Multimodal extraction

How figure rows are built, copied, and named. Read this section before you assume structure.json link fields always match bytes on disk.

Filename stabilisation

_build_filename_base(fig_id):

  • If len(str(fig_id)) <= 3, files use the prefix fig_{fig_id} (for example fig_1.jpg).
  • Otherwise the base becomes image_{md5[:8]} where MD5 is taken over the UTF-8 bytes of the string fig_id (not SHA-256).

Extension and directory layout still follow the interleaver / writer defaults (images/ subfolder unless overridden in code).

Where source images resolve

During materialisation, content_list_path.parent is the root for relative img_path values from the list JSON. There is no automatic switch between Raw Database and Processed Database trees—the paths stored upstream decide which tree is read.
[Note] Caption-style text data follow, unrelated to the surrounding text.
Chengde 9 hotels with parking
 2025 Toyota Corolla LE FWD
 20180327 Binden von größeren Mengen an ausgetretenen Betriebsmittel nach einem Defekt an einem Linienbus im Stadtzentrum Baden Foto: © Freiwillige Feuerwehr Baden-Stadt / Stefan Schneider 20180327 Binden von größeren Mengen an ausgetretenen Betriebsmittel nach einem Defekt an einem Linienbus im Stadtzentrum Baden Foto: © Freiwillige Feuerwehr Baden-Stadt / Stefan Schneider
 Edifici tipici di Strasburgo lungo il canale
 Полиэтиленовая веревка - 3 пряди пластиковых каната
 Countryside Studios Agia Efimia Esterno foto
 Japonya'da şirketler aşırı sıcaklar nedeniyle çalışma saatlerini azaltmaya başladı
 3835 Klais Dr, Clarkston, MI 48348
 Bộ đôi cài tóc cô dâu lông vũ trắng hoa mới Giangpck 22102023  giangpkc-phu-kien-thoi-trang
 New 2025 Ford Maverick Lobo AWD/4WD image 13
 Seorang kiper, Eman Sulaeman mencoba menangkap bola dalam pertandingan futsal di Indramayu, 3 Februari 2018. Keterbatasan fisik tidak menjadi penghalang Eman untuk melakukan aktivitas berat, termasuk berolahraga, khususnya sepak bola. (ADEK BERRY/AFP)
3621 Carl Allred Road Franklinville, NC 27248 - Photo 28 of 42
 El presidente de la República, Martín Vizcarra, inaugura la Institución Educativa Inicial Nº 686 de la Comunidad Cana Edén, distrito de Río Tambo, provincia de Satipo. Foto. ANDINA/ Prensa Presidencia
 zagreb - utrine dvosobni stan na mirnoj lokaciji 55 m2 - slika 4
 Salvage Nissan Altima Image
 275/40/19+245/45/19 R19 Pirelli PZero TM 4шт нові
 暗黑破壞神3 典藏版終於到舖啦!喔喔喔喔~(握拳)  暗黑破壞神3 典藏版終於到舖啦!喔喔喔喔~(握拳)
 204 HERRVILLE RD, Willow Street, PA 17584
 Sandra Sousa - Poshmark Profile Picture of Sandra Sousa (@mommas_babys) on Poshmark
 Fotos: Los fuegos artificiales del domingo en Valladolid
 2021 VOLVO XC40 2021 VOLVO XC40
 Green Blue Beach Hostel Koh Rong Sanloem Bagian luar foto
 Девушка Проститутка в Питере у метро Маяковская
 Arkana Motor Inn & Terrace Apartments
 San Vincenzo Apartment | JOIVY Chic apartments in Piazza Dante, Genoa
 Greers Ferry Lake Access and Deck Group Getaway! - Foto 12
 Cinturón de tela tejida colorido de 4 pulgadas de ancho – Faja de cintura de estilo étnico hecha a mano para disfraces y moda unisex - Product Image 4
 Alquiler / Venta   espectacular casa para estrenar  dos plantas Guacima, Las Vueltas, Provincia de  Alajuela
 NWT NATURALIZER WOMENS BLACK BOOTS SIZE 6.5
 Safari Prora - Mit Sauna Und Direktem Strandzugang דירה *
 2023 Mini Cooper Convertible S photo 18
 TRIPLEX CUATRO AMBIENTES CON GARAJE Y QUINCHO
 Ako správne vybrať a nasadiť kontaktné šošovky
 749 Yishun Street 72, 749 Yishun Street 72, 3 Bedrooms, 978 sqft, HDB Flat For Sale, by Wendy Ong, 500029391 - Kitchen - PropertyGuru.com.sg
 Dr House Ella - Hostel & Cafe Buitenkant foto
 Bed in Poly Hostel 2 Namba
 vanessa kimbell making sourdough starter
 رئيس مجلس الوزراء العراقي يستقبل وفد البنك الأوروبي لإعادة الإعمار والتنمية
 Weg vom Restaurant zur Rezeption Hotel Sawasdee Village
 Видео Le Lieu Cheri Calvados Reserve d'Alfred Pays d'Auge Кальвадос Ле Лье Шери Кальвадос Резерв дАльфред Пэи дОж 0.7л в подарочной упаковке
If copies fail, check that img_path is correct relative to the list file that Designer loaded.

Mentions and captions

  1. Registry — scans text for figure-reference patterns, collects candidate mention blocks, and binds list entries that carry captions or inferred fig_id.
  2. Per-item context — chooses a caption from image metadata or neighbouring blocks; gathers sentence-level mentions with a compiled regex over registered blocks.
  3. Materialisation — copies bytes into {output_dir}/images/ and updates image_path, markdown_file, and asset_copied.

structure.json always injects:

link = "images/{type}_{ref}.jpg"

using the table/figure reference token from anchoring. The multimodal writer may instead emit image_{hash}.jpg for long fig_id values. In edge cases the JSON link and the real filename can diverge; downstream code should prefer the multimodal index and disk listing as the source of truth for bytes, and treat structure.json links as a convention tied to short, sanitised ids.